Detection of IgE antibodies in serum (class 1 or greater) indicates an increased likelihood of allergic disease as opposed to other etiologies and defines the allergens that may be responsible for eliciting signs and symptoms.

 

The level of IgE antibodies in serum varies directly with the concentration of IgE antibodies expressed as a class score or kU/L.

Cautions

Testing for IgE antibodies is not useful in patients previously treated with immunotherapy to determine if residual clinical sensitivity exists, or in patients in whom the medical management does not depend upon identification of allergen specificity.

 

Some individuals with clinically insignificant sensitivity to allergens may have measurable levels of IgE antibodies in serum, and test results must be interpreted in the clinical context.

 

False-positive results for IgE antibodies may occur in patients with markedly elevated serum IgE (>2500 kU/L) due to nonspecific binding to allergen solid phases.

Clinical Reference

Homburger HA, Hamilton RG. Allergic diseases. In: McPherson RA, Pincus MR, eds. Henry's Clinical Diagnosis and Management by Laboratory Methods. 23rd ed. Elsevier; 2017:1057-1070

Method Description

Specific IgE from the patient's serum reacts with the allergen of interest, which is covalently coupled to an ImmunoCAP. After washing away nonspecific IgE, enzyme-labeled anti-IgE antibody is added to form a complex. After incubation, unbound anti-IgE is washed away, and the bound complex incubated with a developing agent. After stopping the reaction, the fluorescence of the eluate is measured.
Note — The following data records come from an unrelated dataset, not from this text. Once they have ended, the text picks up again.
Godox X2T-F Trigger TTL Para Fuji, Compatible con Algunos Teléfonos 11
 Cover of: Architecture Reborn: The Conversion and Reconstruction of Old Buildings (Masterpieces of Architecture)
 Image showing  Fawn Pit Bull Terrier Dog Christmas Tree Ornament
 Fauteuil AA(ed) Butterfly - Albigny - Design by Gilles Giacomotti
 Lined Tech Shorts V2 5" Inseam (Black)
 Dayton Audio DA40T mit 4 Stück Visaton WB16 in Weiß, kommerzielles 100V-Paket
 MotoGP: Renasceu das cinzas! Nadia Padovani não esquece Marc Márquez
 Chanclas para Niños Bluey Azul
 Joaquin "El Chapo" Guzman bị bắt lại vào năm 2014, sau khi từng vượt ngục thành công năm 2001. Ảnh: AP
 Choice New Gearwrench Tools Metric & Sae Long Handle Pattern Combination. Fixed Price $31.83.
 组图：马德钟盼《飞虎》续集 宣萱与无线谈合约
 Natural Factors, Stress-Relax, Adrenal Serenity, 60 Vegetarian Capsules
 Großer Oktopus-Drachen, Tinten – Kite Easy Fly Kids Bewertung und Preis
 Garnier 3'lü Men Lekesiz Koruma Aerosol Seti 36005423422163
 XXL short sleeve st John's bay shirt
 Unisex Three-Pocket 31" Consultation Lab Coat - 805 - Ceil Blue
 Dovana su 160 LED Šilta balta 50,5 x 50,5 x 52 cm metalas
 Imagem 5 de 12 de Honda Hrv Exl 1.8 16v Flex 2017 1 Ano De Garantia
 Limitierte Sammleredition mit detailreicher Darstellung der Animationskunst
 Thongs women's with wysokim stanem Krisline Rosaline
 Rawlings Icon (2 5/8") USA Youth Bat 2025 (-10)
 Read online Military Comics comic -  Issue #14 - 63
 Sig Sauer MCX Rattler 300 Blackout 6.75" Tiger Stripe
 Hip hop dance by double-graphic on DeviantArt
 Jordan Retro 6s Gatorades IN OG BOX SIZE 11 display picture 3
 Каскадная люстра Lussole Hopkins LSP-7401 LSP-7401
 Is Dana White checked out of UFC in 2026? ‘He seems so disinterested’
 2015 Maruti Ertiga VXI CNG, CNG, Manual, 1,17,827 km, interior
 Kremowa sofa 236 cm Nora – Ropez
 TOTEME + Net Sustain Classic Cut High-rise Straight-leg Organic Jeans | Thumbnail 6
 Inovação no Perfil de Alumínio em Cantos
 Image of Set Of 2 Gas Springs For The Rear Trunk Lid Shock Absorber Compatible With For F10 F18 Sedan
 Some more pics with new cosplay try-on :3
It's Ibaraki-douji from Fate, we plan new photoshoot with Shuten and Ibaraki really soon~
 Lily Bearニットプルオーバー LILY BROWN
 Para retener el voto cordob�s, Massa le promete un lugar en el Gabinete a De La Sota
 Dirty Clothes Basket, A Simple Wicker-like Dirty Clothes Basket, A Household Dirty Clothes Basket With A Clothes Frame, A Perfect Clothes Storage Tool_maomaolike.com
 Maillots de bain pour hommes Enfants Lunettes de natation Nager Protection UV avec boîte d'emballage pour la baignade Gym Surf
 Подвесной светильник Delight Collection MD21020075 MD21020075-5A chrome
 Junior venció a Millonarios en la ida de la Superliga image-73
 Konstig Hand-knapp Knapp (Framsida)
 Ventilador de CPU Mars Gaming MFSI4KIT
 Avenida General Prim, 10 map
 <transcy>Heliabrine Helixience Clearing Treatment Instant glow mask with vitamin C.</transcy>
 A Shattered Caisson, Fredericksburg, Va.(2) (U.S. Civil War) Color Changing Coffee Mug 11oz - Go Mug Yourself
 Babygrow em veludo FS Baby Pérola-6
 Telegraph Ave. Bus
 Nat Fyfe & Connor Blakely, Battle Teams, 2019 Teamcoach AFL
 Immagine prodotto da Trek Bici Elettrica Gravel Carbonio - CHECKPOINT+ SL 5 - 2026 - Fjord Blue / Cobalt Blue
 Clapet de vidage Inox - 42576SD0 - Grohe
Fluorescence is proportional to the amount of specific IgE present in the patient's sample (ie, the higher the fluorescence value, the more IgE antibody is present).(Package insert: ImmunoCAP System Specific IgE FEIA. Phadia; Rev 06/2020)

Report Available

Same day/1 to 3 days

Reject Due To

Gross hemolysis OK
Gross lipemia OK

NY State Approved

Yes

Method Name

Fluorescence Enzyme Immunoassay (FEIA)

Forms

If not ordering electronically, complete, print, and send an Allergen Test Request (T236) with the specimen.